**ABOUT THIS TASK**
The full listing should be written out verbatim, and its images should be dropped.

**DATASET SECTION**
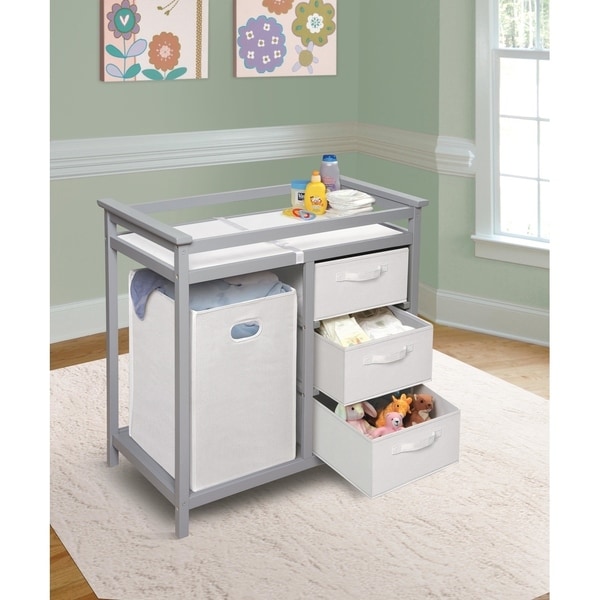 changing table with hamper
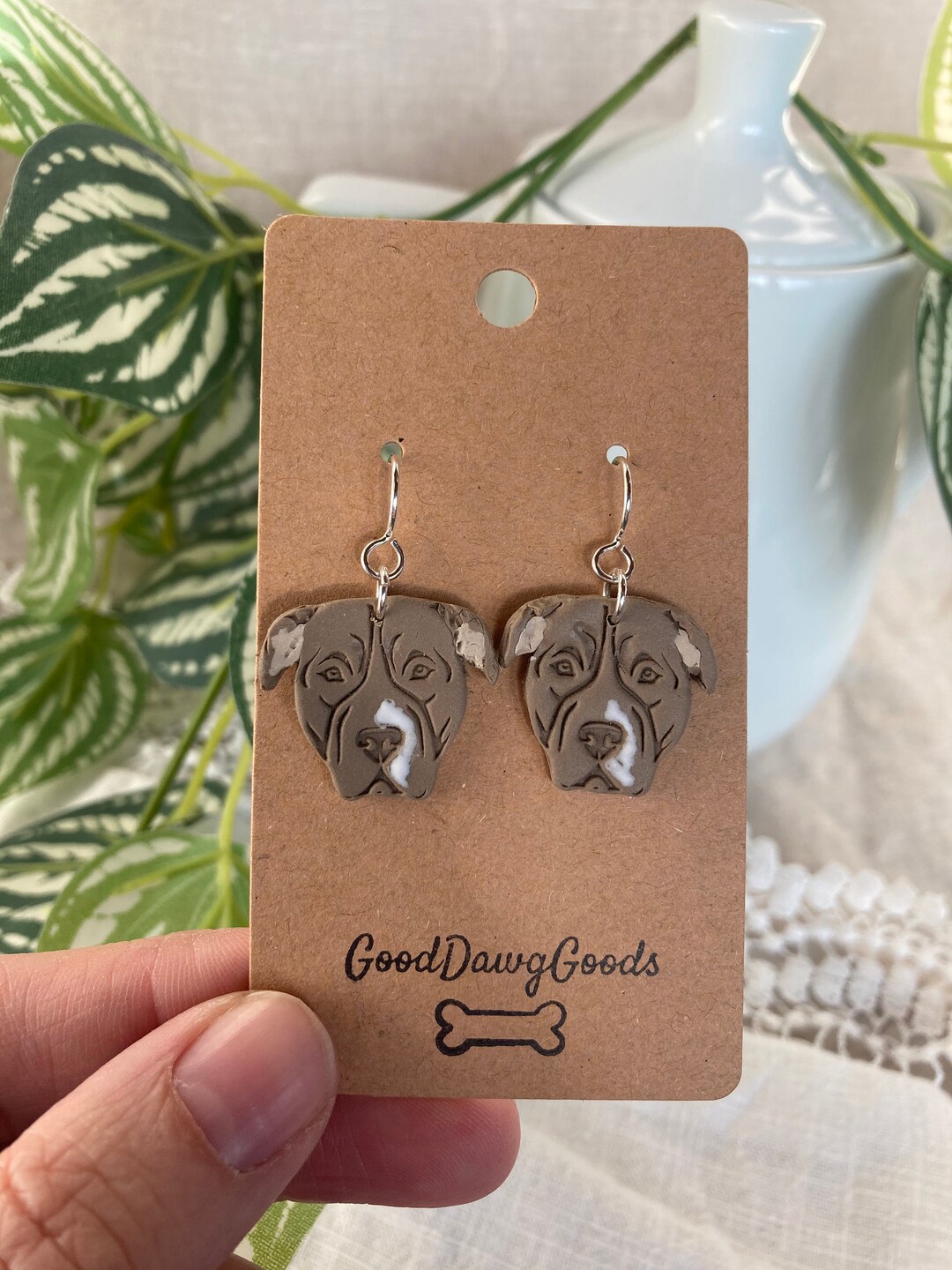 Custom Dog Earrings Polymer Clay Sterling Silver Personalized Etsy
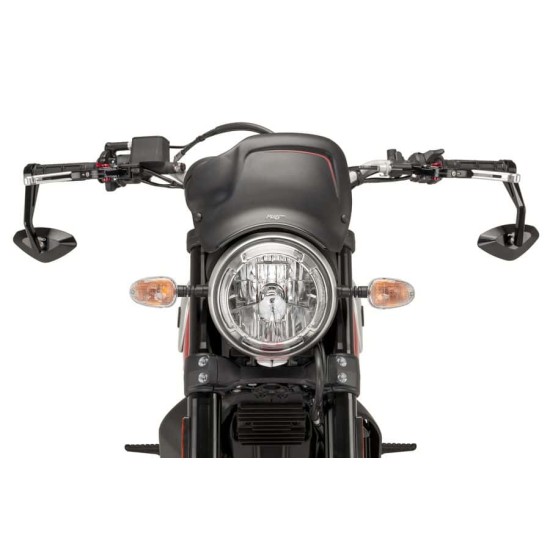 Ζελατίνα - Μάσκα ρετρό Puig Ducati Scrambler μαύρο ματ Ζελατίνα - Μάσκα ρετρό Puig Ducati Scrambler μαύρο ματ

**WRITTEN REPLY**
 changing table with hamper
 Custom Dog Earrings Polymer Clay Sterling Silver Personalized Etsy
 Ζελατίνα - Μάσκα ρετρό Puig Ducati Scrambler μαύρο ματ Ζελατίνα - Μάσκα ρετρό Puig Ducati Scrambler μαύρο ματ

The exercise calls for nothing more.